*** Opening of SUPPLIED DATA ***

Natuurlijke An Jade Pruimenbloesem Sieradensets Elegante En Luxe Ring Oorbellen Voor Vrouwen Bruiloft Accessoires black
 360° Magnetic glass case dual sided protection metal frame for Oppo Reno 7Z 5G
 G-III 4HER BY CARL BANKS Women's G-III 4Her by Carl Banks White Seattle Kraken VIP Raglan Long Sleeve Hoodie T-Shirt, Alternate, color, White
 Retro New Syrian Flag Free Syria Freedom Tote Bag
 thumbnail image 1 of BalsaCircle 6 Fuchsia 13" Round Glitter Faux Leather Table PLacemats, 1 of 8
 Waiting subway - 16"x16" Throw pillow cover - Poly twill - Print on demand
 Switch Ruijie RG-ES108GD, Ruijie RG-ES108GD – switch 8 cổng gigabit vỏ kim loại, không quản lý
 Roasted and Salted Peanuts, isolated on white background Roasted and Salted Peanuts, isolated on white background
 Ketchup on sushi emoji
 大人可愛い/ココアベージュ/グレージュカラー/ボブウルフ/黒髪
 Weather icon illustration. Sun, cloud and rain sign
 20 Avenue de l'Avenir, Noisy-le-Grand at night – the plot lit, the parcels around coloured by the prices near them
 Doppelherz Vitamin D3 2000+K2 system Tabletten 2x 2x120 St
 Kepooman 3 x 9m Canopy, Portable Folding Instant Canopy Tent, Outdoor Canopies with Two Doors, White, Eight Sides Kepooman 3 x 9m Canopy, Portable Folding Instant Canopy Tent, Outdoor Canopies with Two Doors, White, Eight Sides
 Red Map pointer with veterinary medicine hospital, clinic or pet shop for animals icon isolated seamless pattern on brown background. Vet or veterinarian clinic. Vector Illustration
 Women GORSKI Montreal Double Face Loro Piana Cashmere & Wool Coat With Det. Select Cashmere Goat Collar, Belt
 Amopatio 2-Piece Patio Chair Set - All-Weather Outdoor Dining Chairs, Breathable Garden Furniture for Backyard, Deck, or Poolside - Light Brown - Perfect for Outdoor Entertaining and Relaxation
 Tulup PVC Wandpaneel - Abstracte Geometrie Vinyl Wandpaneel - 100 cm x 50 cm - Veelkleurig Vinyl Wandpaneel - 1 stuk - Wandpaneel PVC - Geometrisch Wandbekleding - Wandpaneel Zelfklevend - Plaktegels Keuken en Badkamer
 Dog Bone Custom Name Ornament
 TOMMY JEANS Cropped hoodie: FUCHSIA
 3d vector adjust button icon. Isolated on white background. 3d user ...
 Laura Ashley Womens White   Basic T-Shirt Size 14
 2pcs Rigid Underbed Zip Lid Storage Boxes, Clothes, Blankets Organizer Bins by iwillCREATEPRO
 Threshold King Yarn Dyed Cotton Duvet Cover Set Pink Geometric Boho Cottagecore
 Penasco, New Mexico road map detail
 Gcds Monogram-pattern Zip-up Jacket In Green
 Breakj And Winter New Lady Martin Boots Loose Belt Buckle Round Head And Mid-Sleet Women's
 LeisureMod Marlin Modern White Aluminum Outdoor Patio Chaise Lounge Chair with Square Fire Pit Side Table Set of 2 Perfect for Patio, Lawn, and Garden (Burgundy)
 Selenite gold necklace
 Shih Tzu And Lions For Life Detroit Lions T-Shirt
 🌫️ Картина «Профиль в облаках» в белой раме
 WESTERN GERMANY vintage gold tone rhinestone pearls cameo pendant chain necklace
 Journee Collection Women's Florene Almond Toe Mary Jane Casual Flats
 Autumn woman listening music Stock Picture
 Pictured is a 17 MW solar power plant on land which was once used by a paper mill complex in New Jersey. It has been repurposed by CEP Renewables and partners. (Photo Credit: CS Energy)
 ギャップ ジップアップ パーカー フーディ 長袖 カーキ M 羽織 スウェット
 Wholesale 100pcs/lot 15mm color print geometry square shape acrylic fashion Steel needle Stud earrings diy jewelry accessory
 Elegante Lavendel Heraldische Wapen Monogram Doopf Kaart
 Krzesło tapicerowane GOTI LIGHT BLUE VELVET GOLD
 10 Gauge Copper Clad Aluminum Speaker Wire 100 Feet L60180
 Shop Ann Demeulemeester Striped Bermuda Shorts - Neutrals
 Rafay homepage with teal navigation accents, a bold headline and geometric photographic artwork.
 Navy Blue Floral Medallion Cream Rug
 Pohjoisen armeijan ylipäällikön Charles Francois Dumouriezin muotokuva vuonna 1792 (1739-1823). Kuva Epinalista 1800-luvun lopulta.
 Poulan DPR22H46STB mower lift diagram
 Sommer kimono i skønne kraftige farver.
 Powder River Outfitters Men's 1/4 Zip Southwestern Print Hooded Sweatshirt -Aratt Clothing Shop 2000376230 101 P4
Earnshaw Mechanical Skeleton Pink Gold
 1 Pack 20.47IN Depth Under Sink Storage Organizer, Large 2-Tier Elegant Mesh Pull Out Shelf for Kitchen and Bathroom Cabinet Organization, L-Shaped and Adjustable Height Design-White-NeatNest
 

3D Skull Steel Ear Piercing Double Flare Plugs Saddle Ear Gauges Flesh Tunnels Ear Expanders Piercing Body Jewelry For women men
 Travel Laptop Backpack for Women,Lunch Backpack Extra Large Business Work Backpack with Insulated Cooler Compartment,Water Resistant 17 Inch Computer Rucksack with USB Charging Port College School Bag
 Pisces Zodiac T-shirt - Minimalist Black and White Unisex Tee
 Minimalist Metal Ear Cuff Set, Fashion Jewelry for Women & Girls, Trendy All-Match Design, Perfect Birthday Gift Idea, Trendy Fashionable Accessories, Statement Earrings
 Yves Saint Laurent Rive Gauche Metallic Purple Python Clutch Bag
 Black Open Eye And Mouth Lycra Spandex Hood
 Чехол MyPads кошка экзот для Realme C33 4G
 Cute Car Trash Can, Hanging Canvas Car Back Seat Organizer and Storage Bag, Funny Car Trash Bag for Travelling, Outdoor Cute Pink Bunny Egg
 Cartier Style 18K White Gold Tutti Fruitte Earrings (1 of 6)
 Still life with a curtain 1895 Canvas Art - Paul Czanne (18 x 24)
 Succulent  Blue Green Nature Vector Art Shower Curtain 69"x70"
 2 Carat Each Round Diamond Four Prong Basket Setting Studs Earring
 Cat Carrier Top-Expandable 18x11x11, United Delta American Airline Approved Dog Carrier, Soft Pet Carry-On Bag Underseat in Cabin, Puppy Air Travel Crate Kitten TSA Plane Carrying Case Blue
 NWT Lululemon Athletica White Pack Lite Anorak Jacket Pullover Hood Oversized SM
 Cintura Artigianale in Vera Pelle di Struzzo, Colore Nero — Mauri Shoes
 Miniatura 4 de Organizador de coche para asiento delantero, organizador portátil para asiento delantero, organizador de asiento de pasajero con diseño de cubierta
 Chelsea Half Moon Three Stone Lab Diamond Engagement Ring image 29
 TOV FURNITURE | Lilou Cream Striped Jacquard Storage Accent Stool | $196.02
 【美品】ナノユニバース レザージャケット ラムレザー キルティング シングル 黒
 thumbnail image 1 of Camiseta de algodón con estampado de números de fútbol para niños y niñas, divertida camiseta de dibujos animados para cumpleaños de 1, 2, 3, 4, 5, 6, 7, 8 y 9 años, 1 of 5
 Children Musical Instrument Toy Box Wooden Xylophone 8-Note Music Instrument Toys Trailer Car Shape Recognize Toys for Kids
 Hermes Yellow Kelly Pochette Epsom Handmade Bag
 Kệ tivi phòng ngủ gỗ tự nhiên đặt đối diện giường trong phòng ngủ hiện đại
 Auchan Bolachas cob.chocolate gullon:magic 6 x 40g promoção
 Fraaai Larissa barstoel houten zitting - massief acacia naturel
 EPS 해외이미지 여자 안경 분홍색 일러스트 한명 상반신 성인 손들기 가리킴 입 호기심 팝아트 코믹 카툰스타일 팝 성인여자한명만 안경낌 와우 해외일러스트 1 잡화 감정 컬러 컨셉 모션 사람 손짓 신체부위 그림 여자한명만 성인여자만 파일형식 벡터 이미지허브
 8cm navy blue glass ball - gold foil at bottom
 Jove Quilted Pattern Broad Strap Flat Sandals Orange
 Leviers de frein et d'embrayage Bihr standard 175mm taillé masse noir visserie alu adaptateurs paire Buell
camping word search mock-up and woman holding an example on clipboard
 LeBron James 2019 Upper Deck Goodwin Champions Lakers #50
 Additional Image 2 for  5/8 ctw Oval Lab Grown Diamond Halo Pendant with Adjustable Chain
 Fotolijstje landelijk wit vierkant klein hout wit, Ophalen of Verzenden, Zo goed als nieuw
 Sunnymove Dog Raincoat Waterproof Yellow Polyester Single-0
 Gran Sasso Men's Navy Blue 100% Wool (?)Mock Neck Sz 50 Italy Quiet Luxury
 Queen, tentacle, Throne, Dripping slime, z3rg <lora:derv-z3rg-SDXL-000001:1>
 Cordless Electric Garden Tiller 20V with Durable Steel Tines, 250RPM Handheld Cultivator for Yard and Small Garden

*** Close of SUPPLIED DATA ***

**WORK ORDER**
Output the lines of the records above exactly as they appear, from the line containing "Cute Car Trash" through the line containing "Still life with".

**RESPONSE BELOW**
 Cute Car Trash Can, Hanging Canvas Car Back Seat Organizer and Storage Bag, Funny Car Trash Bag for Travelling, Outdoor Cute Pink Bunny Egg
 Cartier Style 18K White Gold Tutti Fruitte Earrings (1 of 6)
 Still life with a curtain 1895 Canvas Art - Paul Czanne (18 x 24)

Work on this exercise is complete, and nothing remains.